Monica Muñoz Martinez will use the award to complete her first book, begin a second, and create an associated digital platform that aims to enrich current understandings of histories of racial violence in the humanities.

PROVIDENCE, R.I. [Brown University] —The Carnegie Corporation of New York has awarded Monica Muñoz Martinez, the Stanley J. Bernstein '65 P'02 Assistant Professor of American Studies and Ethnic Studies at Brown University, one of 35 2017 Andrew Carnegie fellowships for a project titled “New Narratives for Reckoning with Histories of Violence.”

Each fellow receives up to $200,000 toward the funding of significant research and writing in the social sciences and humanities.
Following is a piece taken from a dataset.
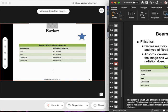Any other questions? Can you go back to the beam quantity slide?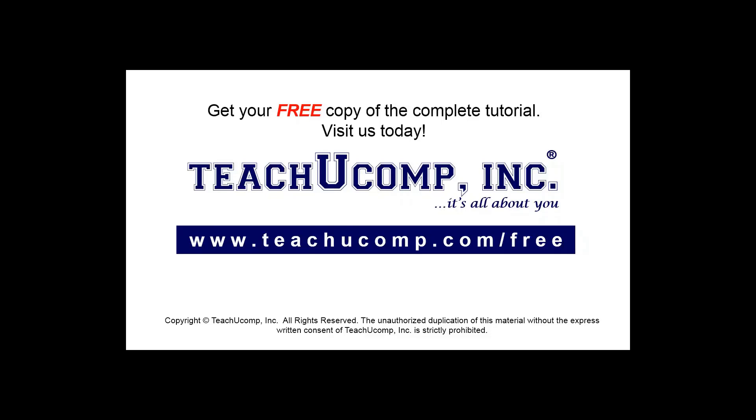Get your free copy of the complete tutorial at www.teachucomp.com forward slash free.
“The health of our democracy depends on an informed citizenry, and our universities, academies and academic associations play an essential role in replenishing critical information and providing knowledge through scholarship,” said Vartan Gregorian, president of Carnegie Corporation of New York and the former president of Brown.
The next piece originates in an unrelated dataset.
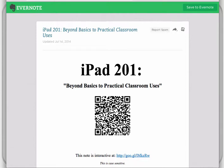Welcome back to iPad 201. This is going to be part two of iPad 201. In our first part, we talked about an app called Show Me. And in this part, we're going to look at kind of an upgrade to Show Me that is called Explain Everything.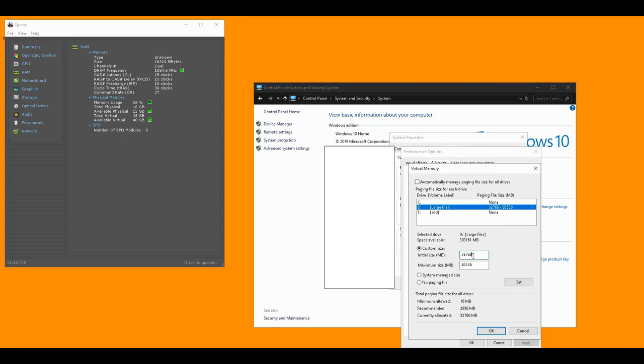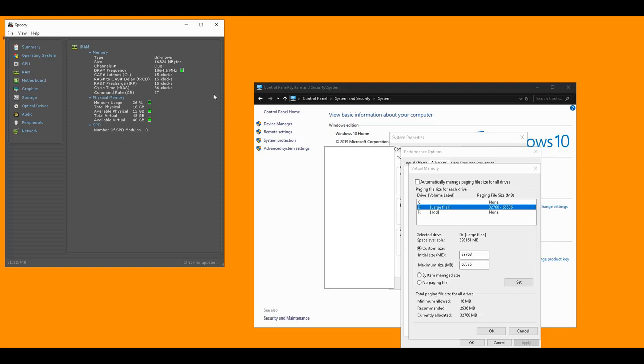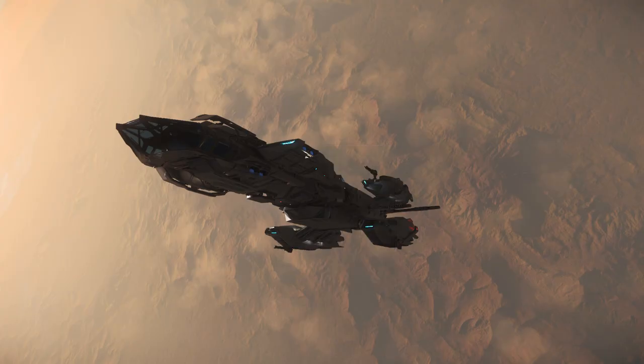Now you can see I've put the minimum size to two times my RAM and the maximum size to four times my RAM. I also put it all on the same drive. That is something to keep in mind, if you have it spread over multiple drives it's going to be terrible.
Martinez, who earned her undergraduate degree from Brown in 2006, will use the fellowship to complete her first book, “The Injustice Never Leaves You: Anti-Mexican Violence in the Texas Borderlands,” begin drafting her second project, “Mapping Violence,” and make a digital mapping platform available to the public.

In her book, Martinez explores the thousands of killings of ethnic Mexican migrants by state law enforcement officers and vigilantes in the Texas-Mexico borderlands between 1910 and 1920.

“The book shows how politicians, the media and historians convinced broader publics that anti-Mexican violence should be remembered as a symbol of progress and a moment to celebrate,” Martinez said. “For them, more dead Mexican bodies near the border meant safer conditions for Anglo settlement, consumption and capital.”

Her second project, “Mapping Violence,” will include a digital platform and a book manuscript that explores the historical insights gained from studying violence across multiple racial and ethnic groups.

The digital platform, Martinez said, will chart episodes of racial violence in Texas between 1900 and 1930 and make a new digital archive available to the public. The archive will take shape as an interactive map that marks the location of events of racial violence and enable users to read a short description of each event and access sources for further research.

“When histories of violence are mapped,” Martinez said, “new patterns of state policing, vigilantism and social organizing become visible.”

Martinez began developing “Mapping Violence” with the support of a SEED grant from Brown’s Office of the Vice President for Research and an Interdisciplinary Team Undergraduate Research Teaching Award. The Carnegie award will enable her to continue her work and her collaborations with the John Nicholas Brown Center for Public Humanities, the Brown University Library’s Center for Digital Scholarship and the Brown Digital Repository

All of these resources contribute to a unique method for probing and confronting the legacy of violence in Texas, she said.

“Although there is now international consensus on the importance of confronting traumatic histories, local residents in the United States too often have borne the burden of demanding a public reckoning with legacies of state violence,” Martinez said. “I believe that to change public understandings of the past, and its relation to our present moment, also requires new narratives for making research available to the public.”